Install and configure kdump

  1. Verify that the kexec-tools package is installed.

    # rpm -q kexec-tools
    

    If it is not installed, switch to root user and install the package.

       # sudo su -
    
       # yum install kexec-tools
    
  2. Verify that the default crash location is in the kdump configuration file and that /var/crash is available.

        # grep -v "#" /etc/kdump.conf
    
        path /var/crash
        core_collector makedumpfile -l --message-level 1 -d 31
    

Note:

Add boot parameters

(General kdump configuration) Red Hat Enterprise Linux 8 and later. (OR Any RHEL version above RHEL 6)

  • Set crashkernel to auto if not configured already.(Reboot is required for making changes on kernel command line).
# grubby --args="crashkernel=auto" --update-kernel ALL 
# systemctl enable kdump
# reboot
  • Verify that kdump is running post reboot:
# systemctl status kdump

RHEL 7

  • A crashkernel size of 128 MB is not sufficient for kdump to capture the vmcore for Red Hat Enterprise Linux (RHEL) 7 On-Demand virtual machines (VMs) with 7 GB memory (or more).
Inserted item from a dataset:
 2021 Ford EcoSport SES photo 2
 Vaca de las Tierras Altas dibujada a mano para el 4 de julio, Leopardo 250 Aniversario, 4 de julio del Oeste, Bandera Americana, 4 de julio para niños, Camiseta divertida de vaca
  • The crashkernel size must be set at 256 MB (crashkernel=256M) for kdump to work with RHEL 7 VMs with 7 GB memory (or more).
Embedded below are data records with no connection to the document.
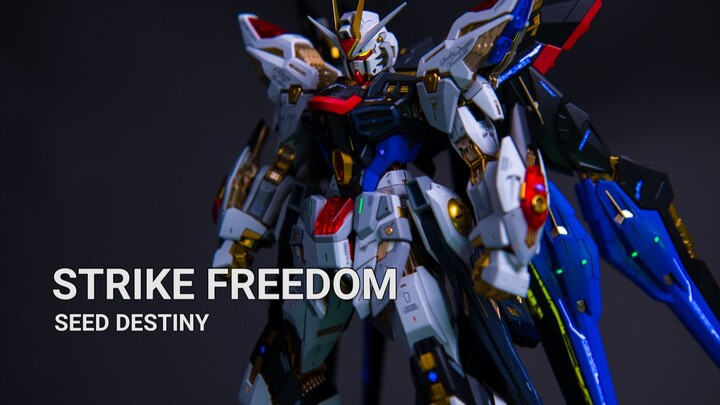 Tampilan neon MGEX Strike Freedom Gundam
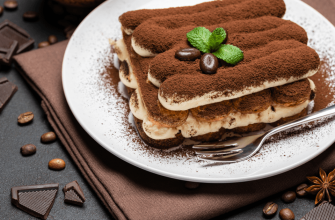 Dessert in stappen, zonder bakken. Klassieke tiramisu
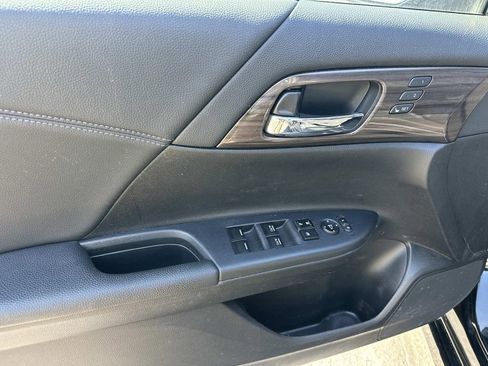 Used 2017 Honda Accord Touring image 15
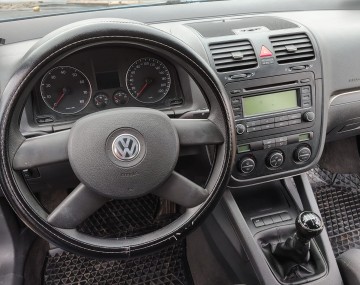 Sprzedam Volkswagen Golf 5 1.4 benzyna gaz 2004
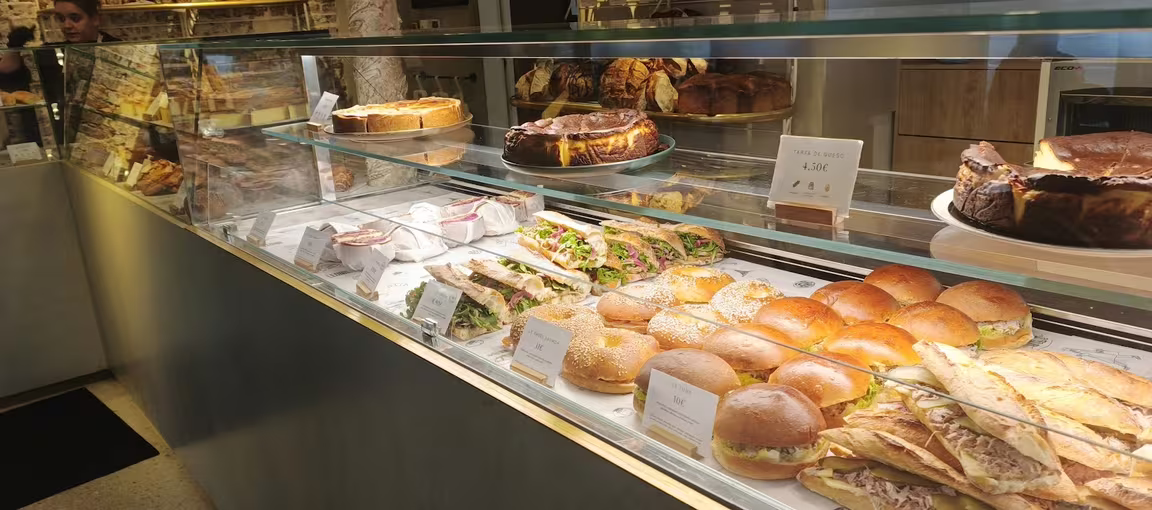 Leonie Bakery - Image 2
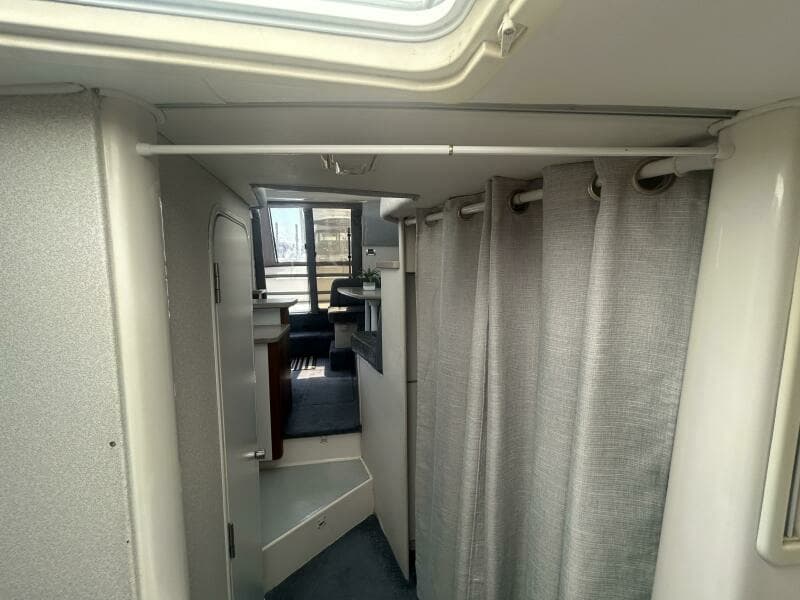 1996 Silverton 312 Sedan Cruiser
  • The following steps describe how to add crashkernel=256M to the boot parameter line in the grub configuration file and how to configure the kdump service.

  1. Add crashkernel=256M to the boot parameter line in the grub configuration file.

        # vi /etc/default/grub
    
        GRUB_CMDLINE_LINUX="console=tty1 console=ttyS0 earlyprintk=ttyS0 rootdelay=300 crashkernel=256M"
    
  2. Regenerate the grub configuration file.

    # grub2-mkconfig -o /boot/grub2/grub.cfg
    
  3. Enable the kdump service to start at system boot.

    # systemctl enable kdump
    
  4. Reboot the VM to allocate separate kernel crash memory to the VM.

    # reboot
    

    The following example shows a partial /boot/grub/grub.conf file.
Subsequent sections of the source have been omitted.